13 November 2015

Something Rotten: Shakespearean satire which sadly falls flat


Something Rotten, St. James Theatre, New York, NY

What to see, as a Londoner in New York with one night to spare? Using an utterly random set of criteria (new, not on in the West End, no difficulty finding seats), I ended up at Something Rotten, a show helpfully described to me as “a musical that’s kind of like a riff on Shakespeare”. As a huge fan of both musicals and Shakespeare, I was sold. Sadly, I probably chose too soon.

Something Rotten, conceived by Wayne and Karey Kirkpatrick, feels like it was workshopped at a college am-dram club. The plot is simple: brothers Nick and Nigel Bottom (Brian d’Arcy James and John Cariani) are trying to write a hit show, but all anyone wants is more Shakespeare. Nick pays soothsayer Nostradamus (Brad Oscar) to predict what the future of theatre will look like, and discovers the concept of musicals, leading him to produce a musical about an omelette (yes, it’s a pun on Hamlet, no, it doesn’t work better onstage). Meanwhile Shakespeare himself (Christian Borle) swans around as a Tudor rockstar, Nigel falls in one-second-theatre-love with a Puritan maiden called Portia (Kate Reinders), and everyone learns to tap-dance.
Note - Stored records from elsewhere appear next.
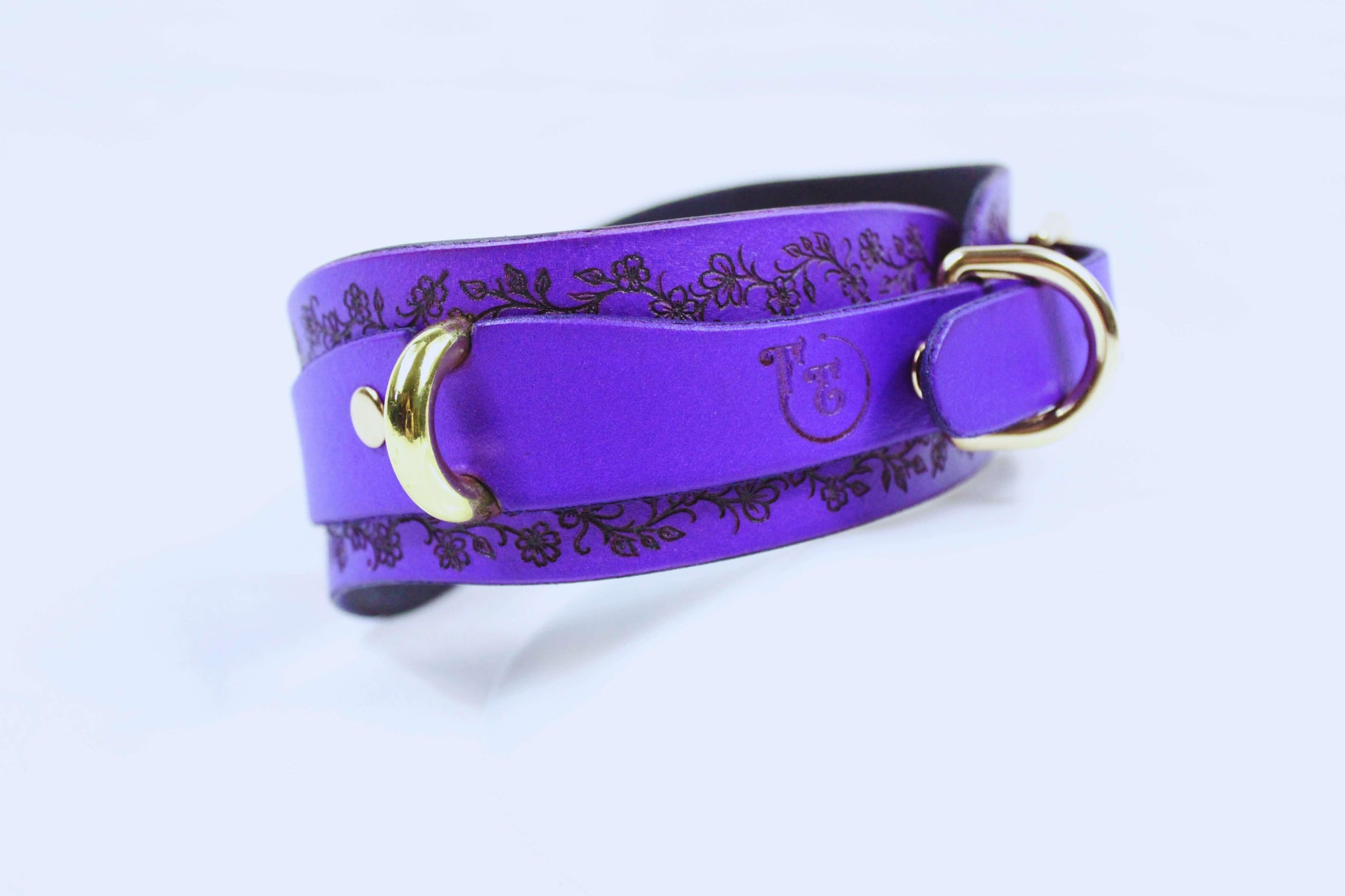 Purple Leather Floral Choker – Elegant Discreet Collar with Gold Rings - Happytoys Sexshop: online sex shop for Feeling Happy & Easy 😊 - Discreet geleverd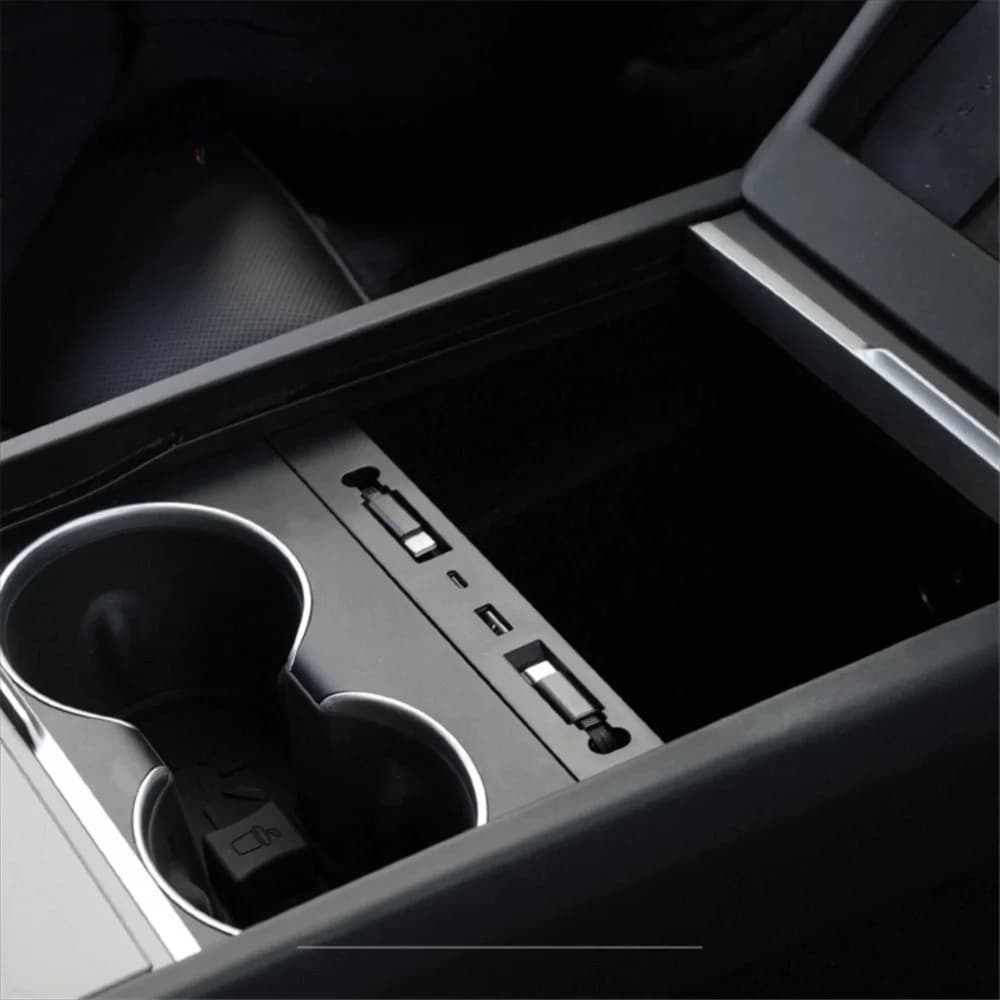 Hub USB Nascosto per Console Centrale con Ricarica Rapida Type-C per Tesla Model Y Juniper/ Model Y LR / Model 3 Highland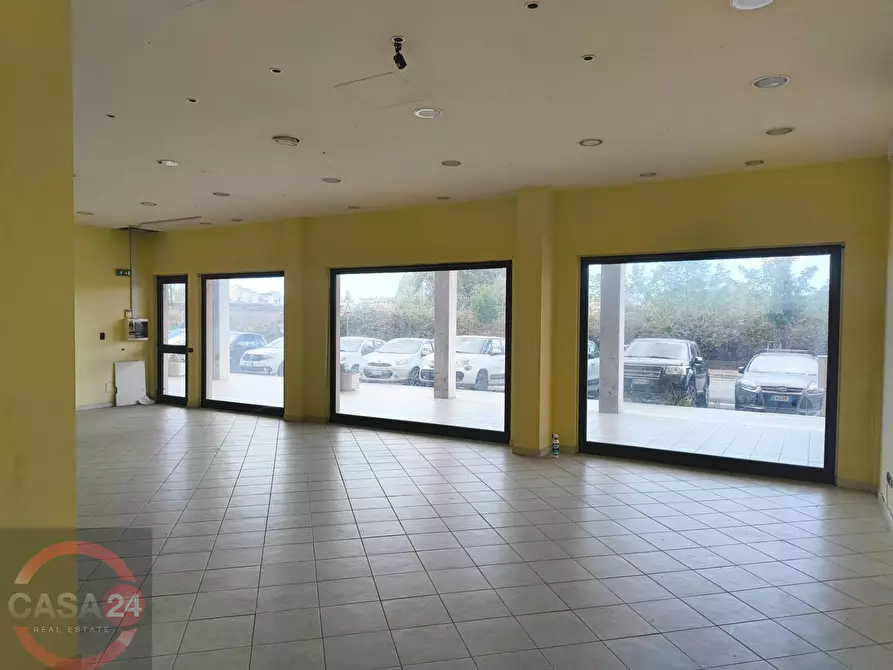 locale commerciale in vendita a Latina in zona Centro Città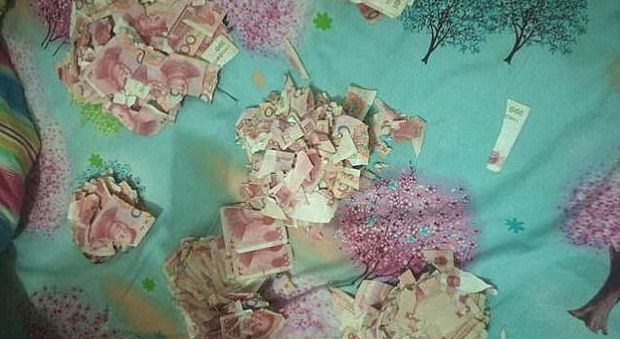 Cina, i genitori lo lasciano solo in casa, bimbo di 5 anni distrugge 6 mila euro in banconote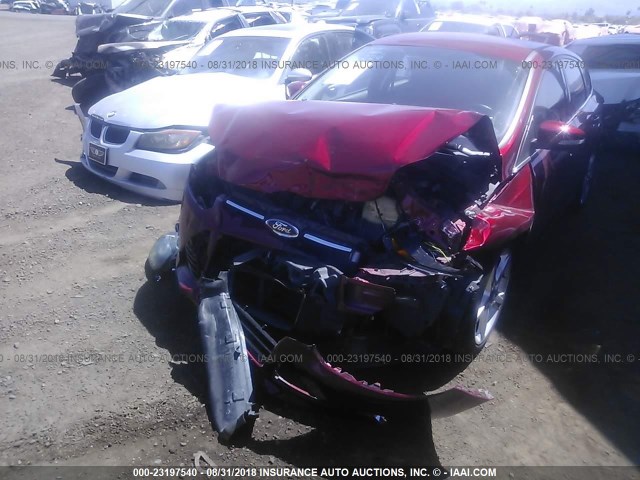 1FADP3N29EL413992 - 2014 FORD FOCUS TITANIUM RED photo 6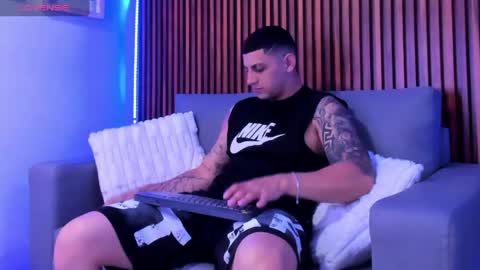alex online show from 30, 4, 2026
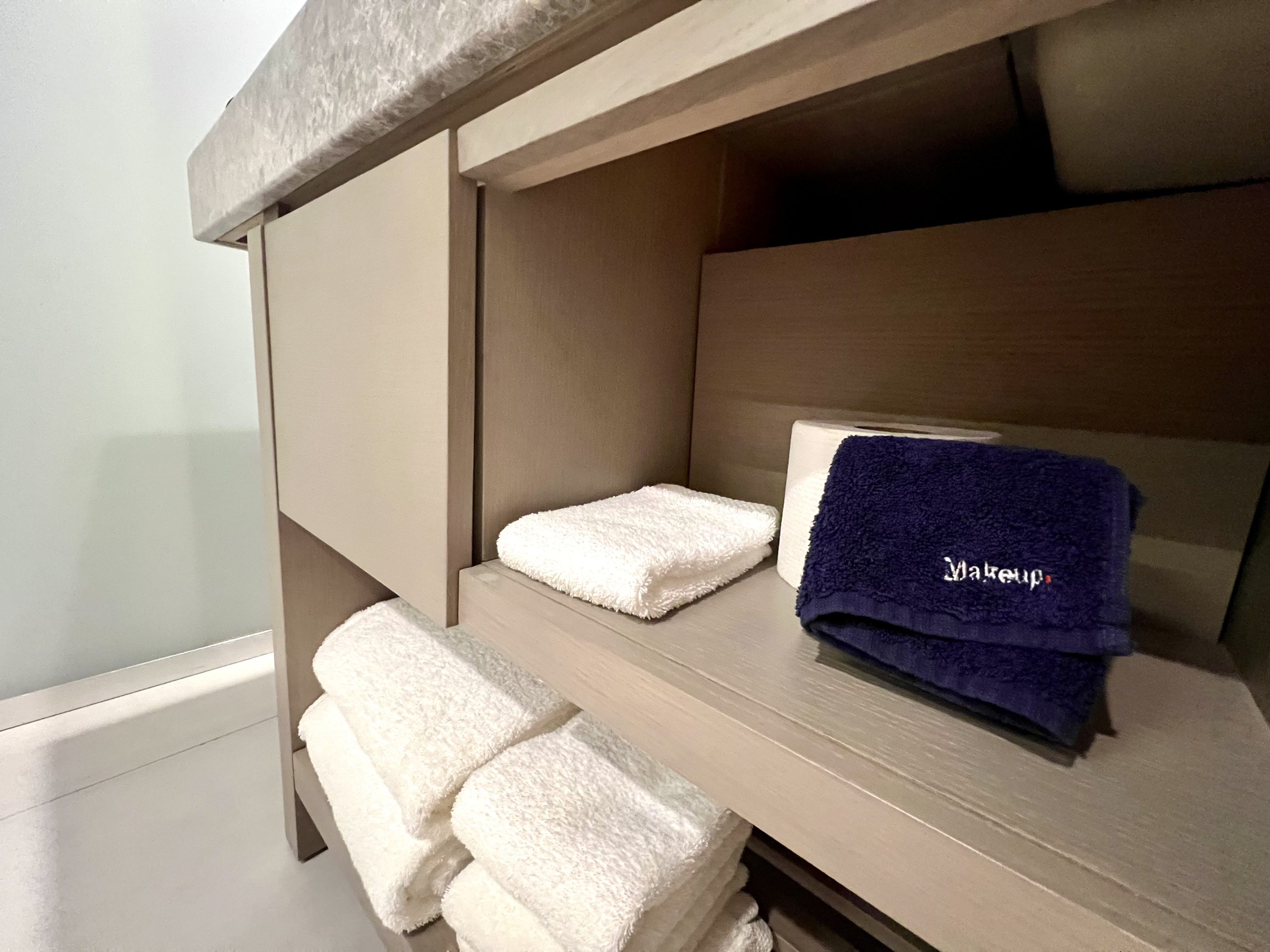 TETRA Hotel Autograph Collection bathroom makeup cloth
This show requires not only familiarity with Shakespeare’s writing if it is to make any sense, but also extensive knowledge of the history of musical theatre. There are moments where this works beautifully, such as Shakespeare singing “Shall I compare thee to a summer’s day” at an outdoor rock concert to a crowd of adoring fans. Most of the time, however, it doesn’t. Nostradamus’ glimpse into the future provides an exceedingly weak premise for an hour and a half of Broadway nostalgia, as the cast tries to allude to every musical ever written. As a musical theatre nerd, I got 90 percent of the references to Cats, Annie, The Sound Of Music and Fiddler On The Roof, but the jokes still felt tired and overdone. I wanted to see something new – what I got was The Reduced Shakespeare Company meets Book of Mormon, with none of the latter’s self-restraint.

There were moments of comedic flair. The opening number, Welcome To The Renaissance, is entertaining and high-energy, rhyming “pewter” with “Tudor” and featuring anachronistic but amusing characters like John Webster and Thomas Middleton. Nostradamus’ showstopper A Musical is a piece of theatrical brilliance for the first five minutes (and a disappointment for the next five). And Christian Borle plays the role of Shakespeare to perfection, with a Hugh Grant accent and the tightest trousers I have ever seen.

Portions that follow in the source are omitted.